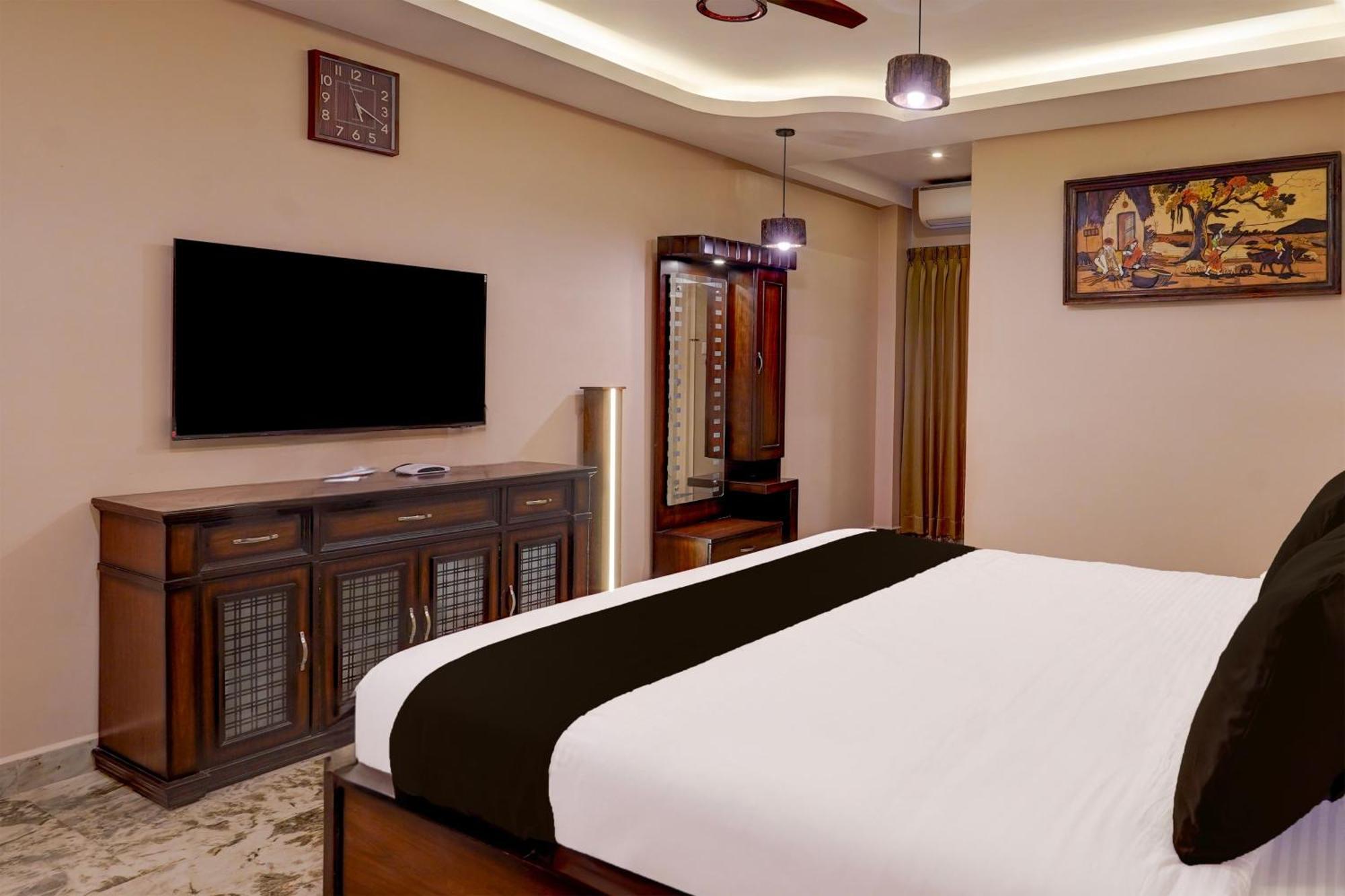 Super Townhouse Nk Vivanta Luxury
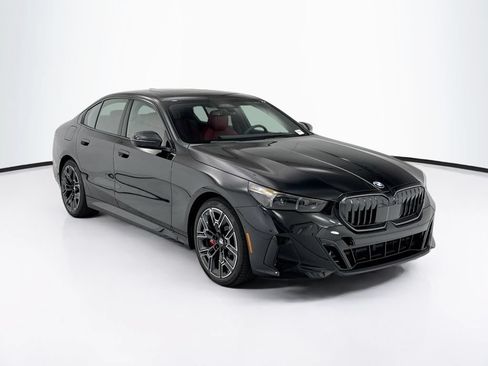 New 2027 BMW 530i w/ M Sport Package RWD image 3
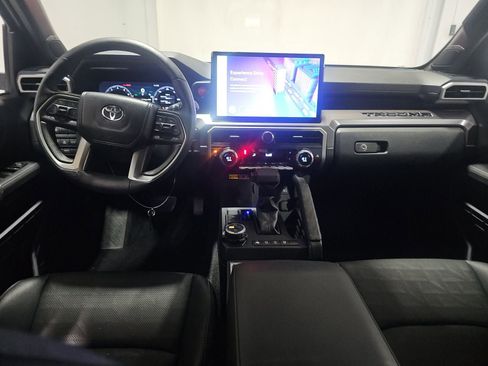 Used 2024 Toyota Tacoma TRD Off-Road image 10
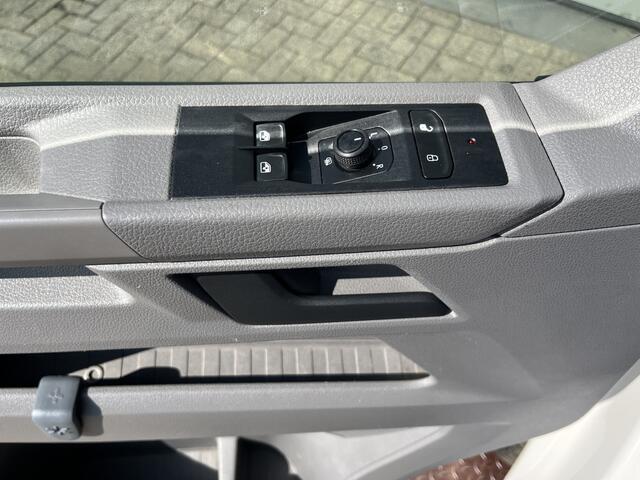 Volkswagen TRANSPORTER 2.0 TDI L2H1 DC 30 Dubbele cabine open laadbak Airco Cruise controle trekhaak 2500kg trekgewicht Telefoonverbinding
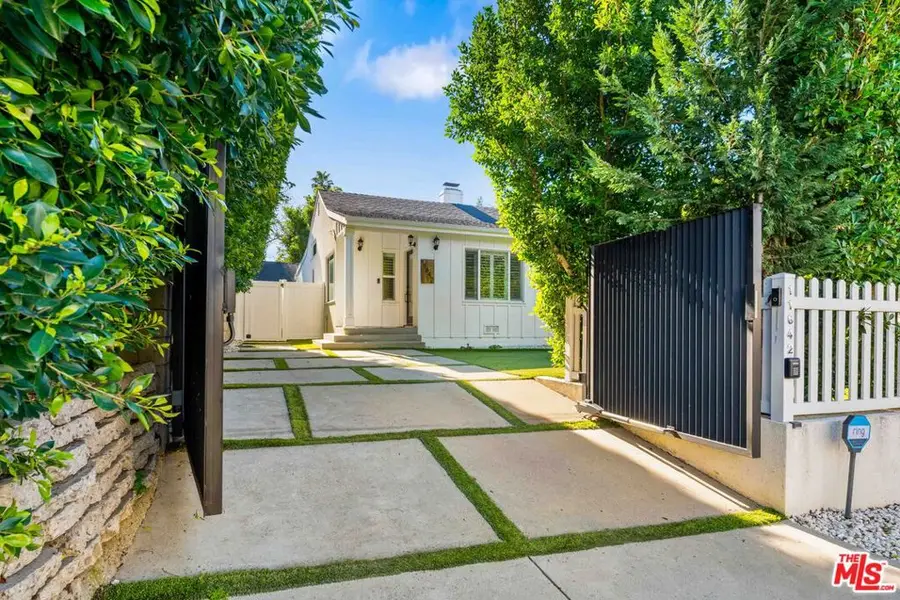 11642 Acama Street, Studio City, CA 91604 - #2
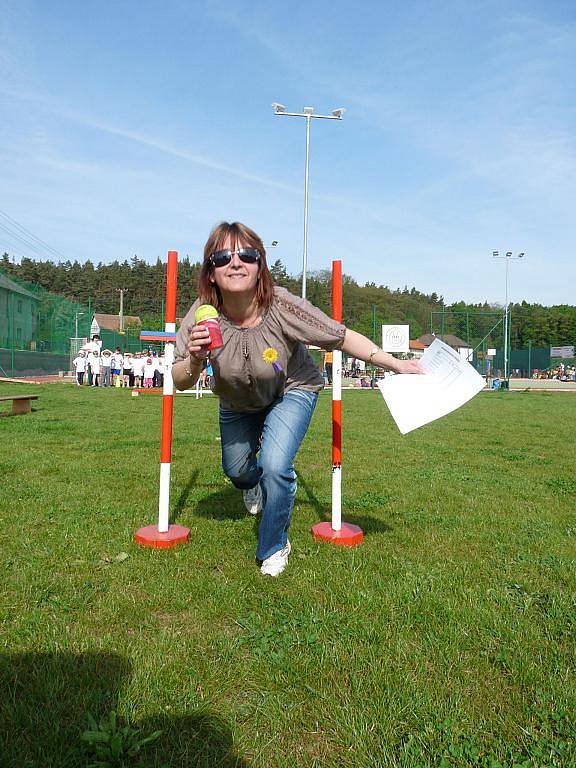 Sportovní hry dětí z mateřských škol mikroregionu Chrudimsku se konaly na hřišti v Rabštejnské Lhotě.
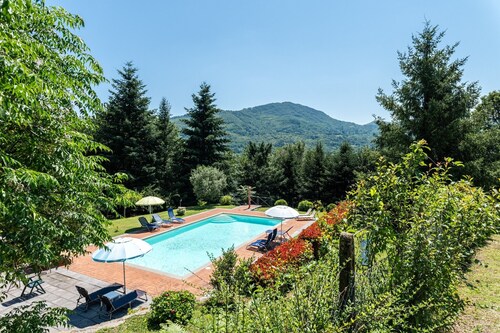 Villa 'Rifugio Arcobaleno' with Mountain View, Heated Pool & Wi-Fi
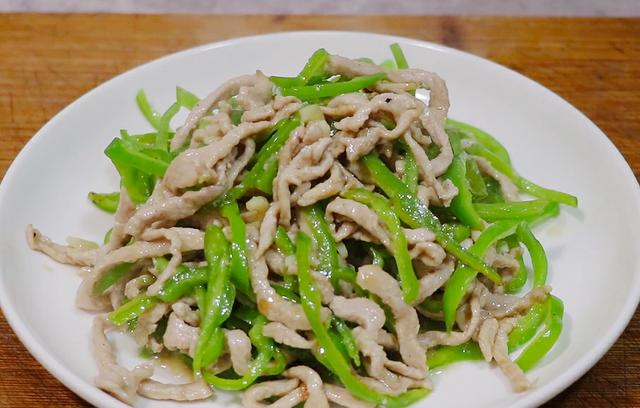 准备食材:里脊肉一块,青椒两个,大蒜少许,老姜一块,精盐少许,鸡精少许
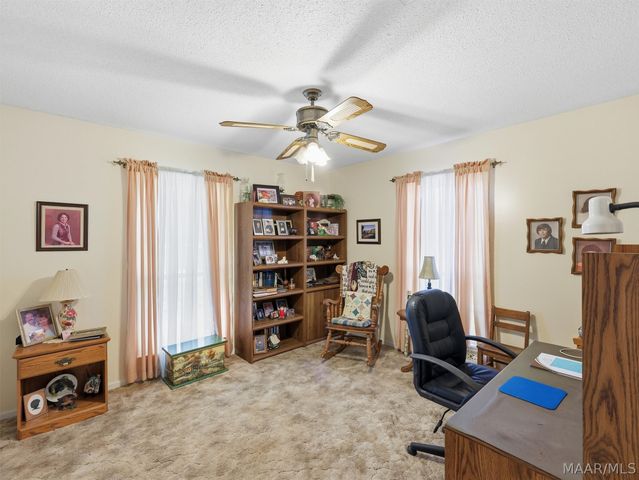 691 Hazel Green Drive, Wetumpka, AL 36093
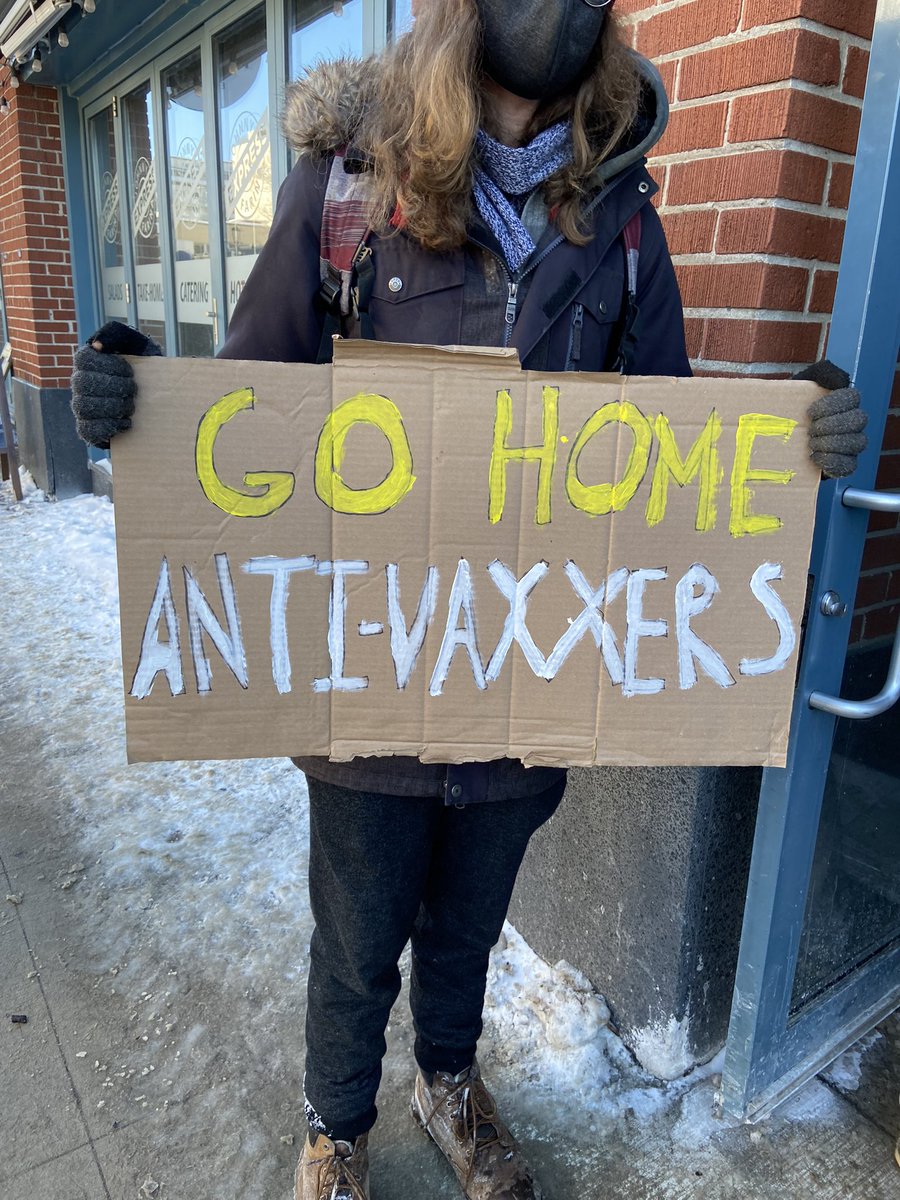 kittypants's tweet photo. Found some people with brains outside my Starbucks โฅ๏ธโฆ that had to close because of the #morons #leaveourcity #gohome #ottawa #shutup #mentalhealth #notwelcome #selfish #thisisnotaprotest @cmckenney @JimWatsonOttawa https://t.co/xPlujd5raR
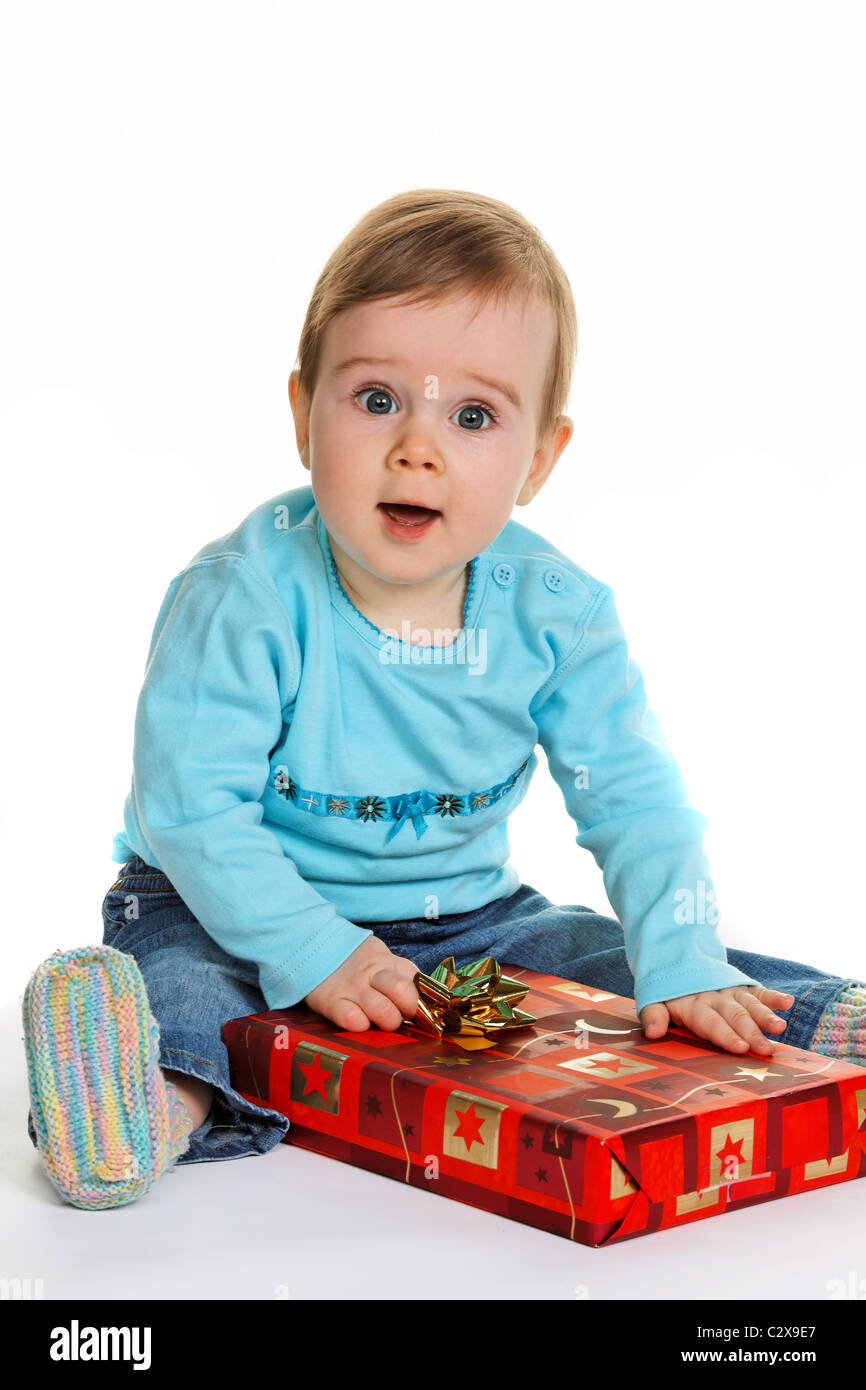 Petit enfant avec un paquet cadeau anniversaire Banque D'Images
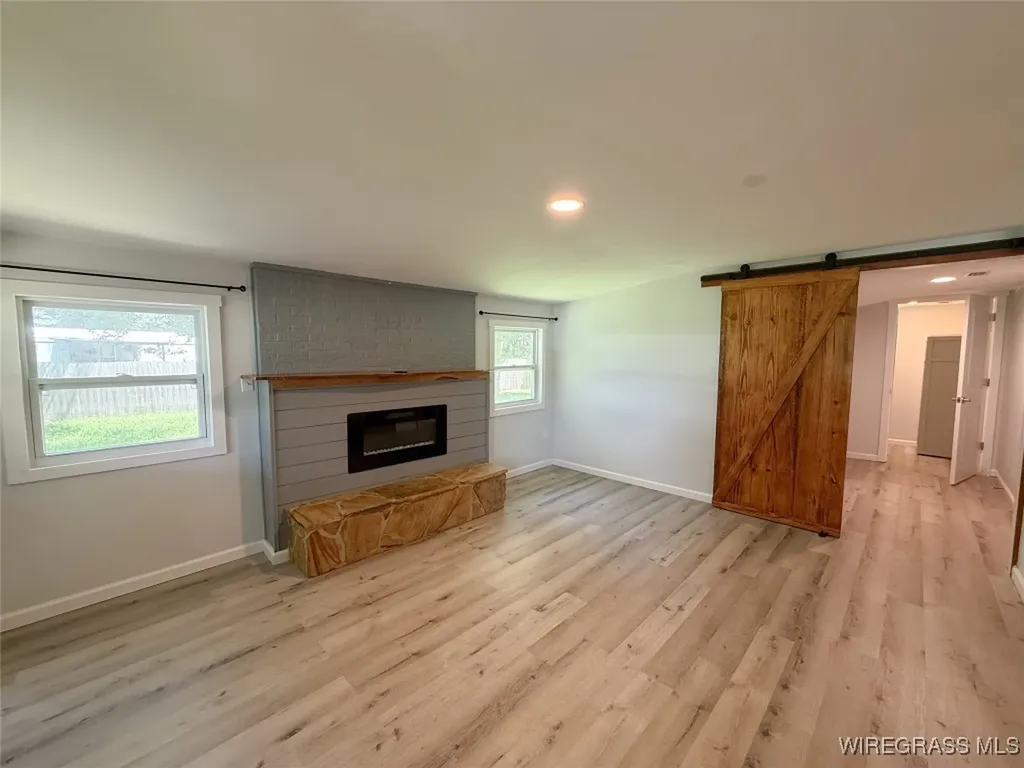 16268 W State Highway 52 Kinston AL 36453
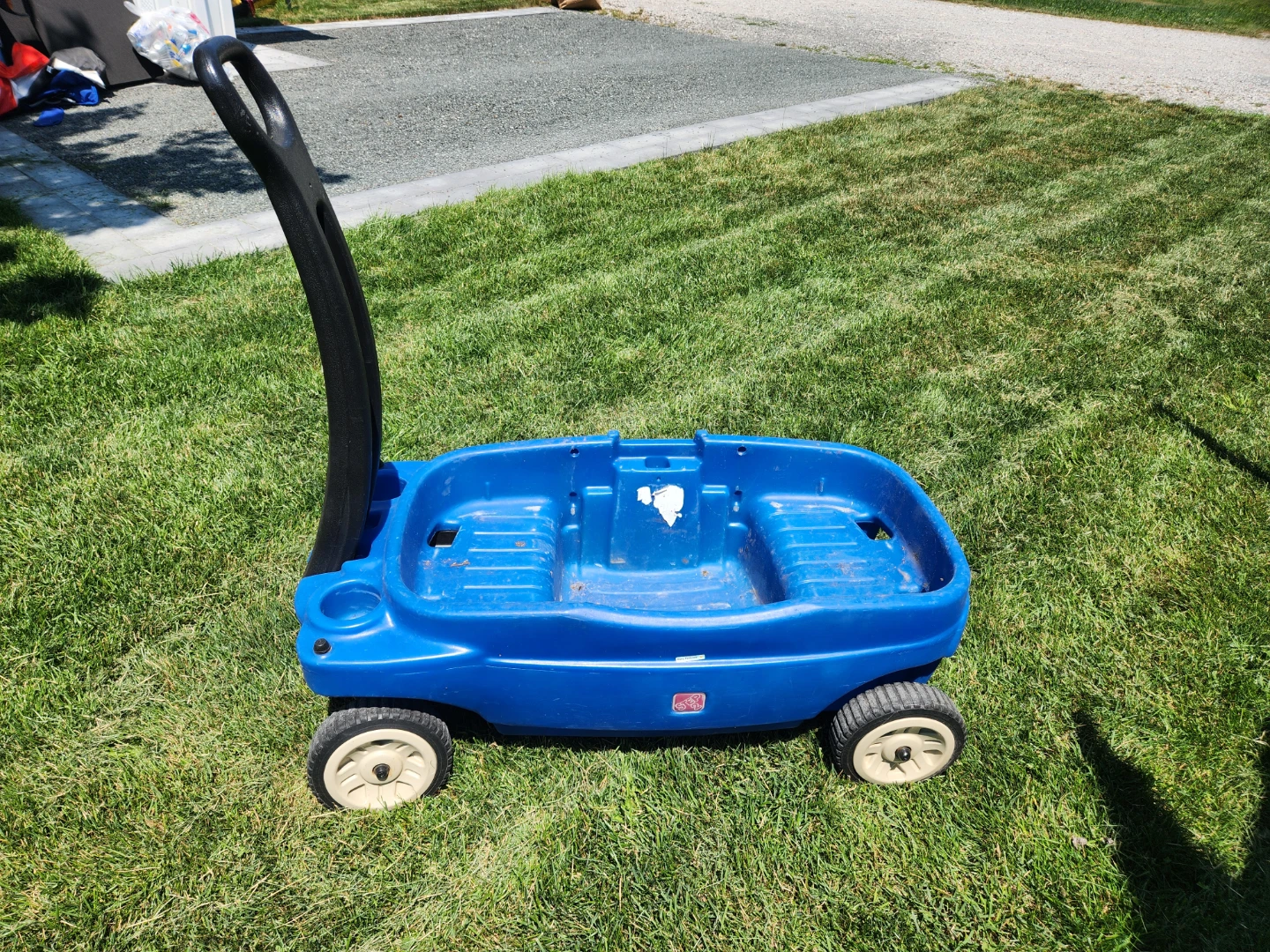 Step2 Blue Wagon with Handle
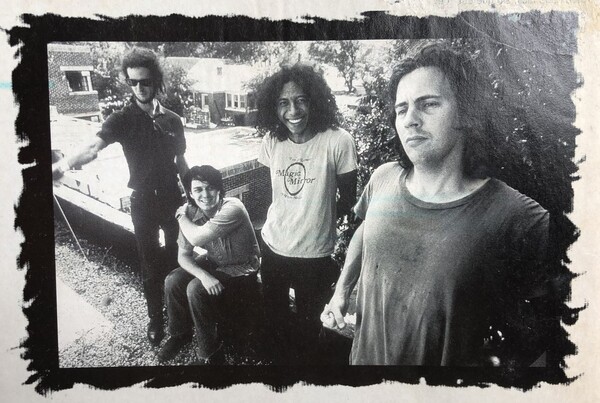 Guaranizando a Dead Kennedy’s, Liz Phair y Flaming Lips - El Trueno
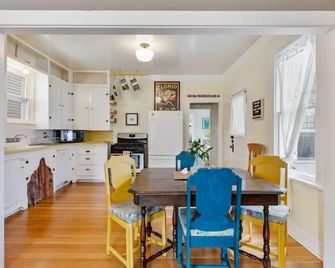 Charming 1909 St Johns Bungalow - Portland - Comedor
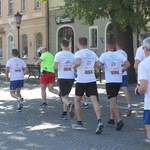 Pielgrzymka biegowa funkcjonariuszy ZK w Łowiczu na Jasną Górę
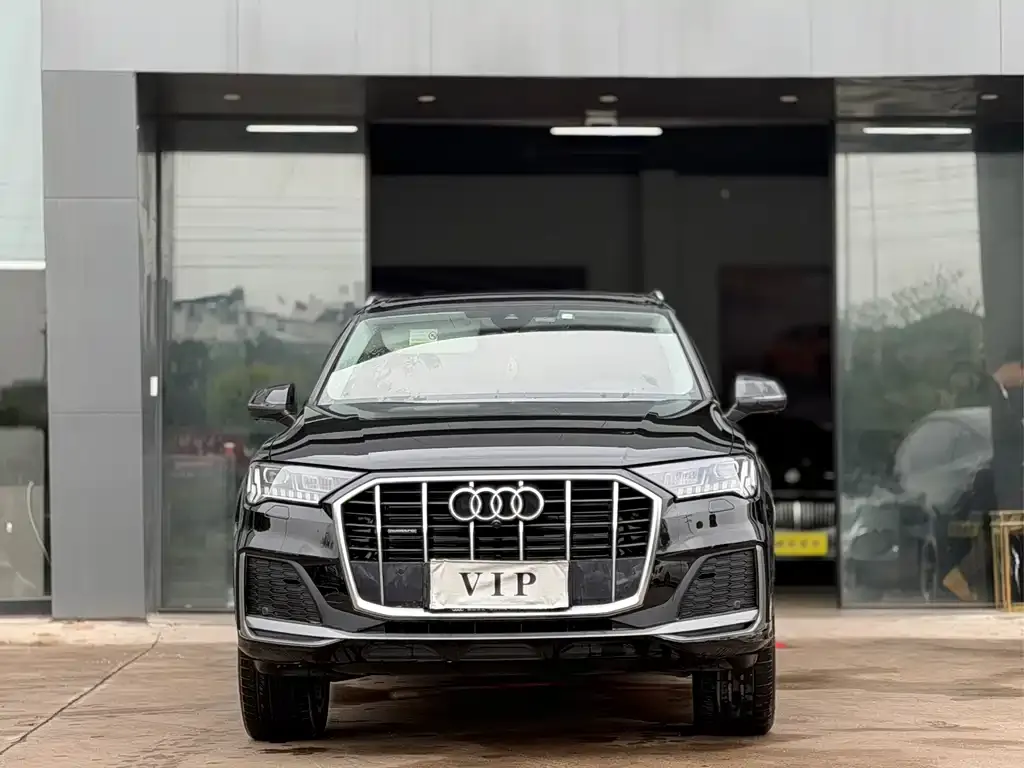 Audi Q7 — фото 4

§ HOW TO COMPLETE THIS TASK
Copy out the records above in full, exactly as written, but not the pictures.

§ EXERCISE ANSWER
 Super Townhouse Nk Vivanta Luxury
 New 2027 BMW 530i w/ M Sport Package RWD image 3
 Used 2024 Toyota Tacoma TRD Off-Road image 10
 Volkswagen TRANSPORTER 2.0 TDI L2H1 DC 30 Dubbele cabine open laadbak Airco Cruise controle trekhaak 2500kg trekgewicht Telefoonverbinding
 11642 Acama Street, Studio City, CA 91604 - #2
 Sportovní hry dětí z mateřských škol mikroregionu Chrudimsku se konaly na hřišti v Rabštejnské Lhotě.
 Villa 'Rifugio Arcobaleno' with Mountain View, Heated Pool & Wi-Fi
 准备食材:里脊肉一块,青椒两个,大蒜少许,老姜一块,精盐少许,鸡精少许
 691 Hazel Green Drive, Wetumpka, AL 36093
 kittypants's tweet photo. Found some people with brains outside my Starbucks โฅ๏ธโฆ that had to close because of the #morons #leaveourcity #gohome #ottawa #shutup #mentalhealth #notwelcome #selfish #thisisnotaprotest @cmckenney @JimWatsonOttawa https://t.co/xPlujd5raR
 Petit enfant avec un paquet cadeau anniversaire Banque D'Images
 16268 W State Highway 52 Kinston AL 36453
 Step2 Blue Wagon with Handle
 Guaranizando a Dead Kennedy’s, Liz Phair y Flaming Lips - El Trueno
 Charming 1909 St Johns Bungalow - Portland - Comedor
 Pielgrzymka biegowa funkcjonariuszy ZK w Łowiczu na Jasną Górę
 Audi Q7 — фото 4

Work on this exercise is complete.